Nilo Acuña

Personal information
- Full name: Nilo Humberto Acuña Bordaborria
- Date of birth: 26 September 1943
- Place of birth: Montevideo, Uruguay
- Date of death: 29 August 2004 (aged 60)
- Place of death: Uruguay
- Position(s): Forward

Senior career*
- Years: Team / Apps / (Gls)
- –1966: Liverpool Montevideo
- 1967–1972: Peñarol
- 1972–1975: Monterrey
- 1975–1976: Peñarol

International career
- Uruguay

= Nilo Acuña =

Uruguayan footballer (1943-2004)

Nilo Humberto Acuña Bordaborria (26 September 1943 – 29 August 2004) was a professional footballer who played in the Uruguayan Primera División and Mexican Primera División.

==Career==
Born in Montevideo, Acuña played as a forward. He began playing for Liverpool de Montevideo, before joining Peñarol in 1967. He won consecutive Uruguayan league titles in 1967 and 1968, and helped the club reach the 1970 Copa Libertadores final in his first stint with the club.

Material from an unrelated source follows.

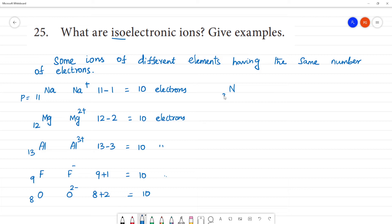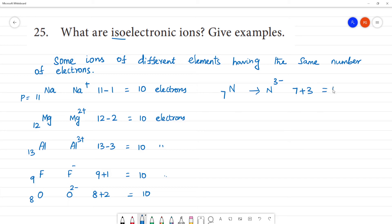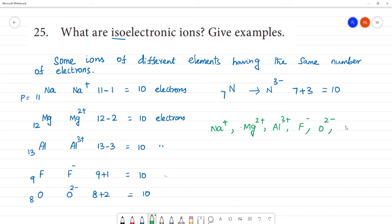Next, N3 minus — nitrogen, atomic number 7. N3 minus: 7 plus 3 equals 10 electrons. So if you look at these ions — Na+, Mg2+, Al3+, F minus, O2 minus, N3 minus — these are ions of different elements having the same number of electrons.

In 1972, Acuña moved to Mexico to join Monterrey for three seasons. He returned to Uruguay to finish his career with Peñarol.

After he retired from playing, Acuña became a football coach. He was a member of Jorge Fossati's staff which led LDU Quito to the 2003 Ecuadorian league title. In 2004, he joined Fossati's coaching staff on the Uruguay national football team.

==Personal==
Acuña developed a tumor and died at age 60 in August 2004.